■ The task: Throughout the records below, find each line holding "Management" and copy it.

■ Extracted information:
--- --- ---
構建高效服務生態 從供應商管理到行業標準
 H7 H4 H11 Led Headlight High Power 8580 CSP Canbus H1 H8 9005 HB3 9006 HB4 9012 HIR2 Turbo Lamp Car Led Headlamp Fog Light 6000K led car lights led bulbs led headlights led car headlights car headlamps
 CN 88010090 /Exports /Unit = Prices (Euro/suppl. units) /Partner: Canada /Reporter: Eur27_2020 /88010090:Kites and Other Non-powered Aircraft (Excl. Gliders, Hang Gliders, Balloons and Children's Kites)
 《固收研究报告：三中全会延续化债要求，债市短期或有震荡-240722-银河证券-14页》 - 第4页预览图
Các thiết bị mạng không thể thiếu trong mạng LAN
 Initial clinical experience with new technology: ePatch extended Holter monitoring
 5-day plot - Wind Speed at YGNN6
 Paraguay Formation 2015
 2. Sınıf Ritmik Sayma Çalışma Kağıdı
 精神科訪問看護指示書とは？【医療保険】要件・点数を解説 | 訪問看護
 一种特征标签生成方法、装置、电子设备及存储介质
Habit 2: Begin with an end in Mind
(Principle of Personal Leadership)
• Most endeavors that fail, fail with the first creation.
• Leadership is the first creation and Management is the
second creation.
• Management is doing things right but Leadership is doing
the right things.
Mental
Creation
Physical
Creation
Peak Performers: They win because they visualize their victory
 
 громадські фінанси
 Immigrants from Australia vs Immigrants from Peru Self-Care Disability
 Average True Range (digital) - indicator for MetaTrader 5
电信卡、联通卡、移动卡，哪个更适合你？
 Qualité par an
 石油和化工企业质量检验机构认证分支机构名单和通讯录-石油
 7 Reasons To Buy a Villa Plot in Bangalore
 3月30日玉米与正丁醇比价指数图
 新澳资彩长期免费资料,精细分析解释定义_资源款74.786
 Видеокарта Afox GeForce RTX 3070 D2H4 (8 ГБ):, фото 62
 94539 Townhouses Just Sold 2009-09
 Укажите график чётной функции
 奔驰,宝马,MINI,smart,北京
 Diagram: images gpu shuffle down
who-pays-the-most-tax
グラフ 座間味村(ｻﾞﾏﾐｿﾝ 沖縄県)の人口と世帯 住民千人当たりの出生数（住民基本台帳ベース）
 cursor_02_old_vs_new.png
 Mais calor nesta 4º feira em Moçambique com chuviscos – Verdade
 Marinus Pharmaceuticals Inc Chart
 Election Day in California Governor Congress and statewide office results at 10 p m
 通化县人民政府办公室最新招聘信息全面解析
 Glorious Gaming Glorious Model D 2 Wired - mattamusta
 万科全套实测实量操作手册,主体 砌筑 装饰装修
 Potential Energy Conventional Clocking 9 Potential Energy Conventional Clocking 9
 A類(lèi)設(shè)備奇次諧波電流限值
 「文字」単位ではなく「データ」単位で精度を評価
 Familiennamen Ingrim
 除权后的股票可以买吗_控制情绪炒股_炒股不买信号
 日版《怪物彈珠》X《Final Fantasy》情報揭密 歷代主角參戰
--- --- ---
■ Solution:
• Leadership is the first creation and Management is the
• Management is doing things right but Leadership is doing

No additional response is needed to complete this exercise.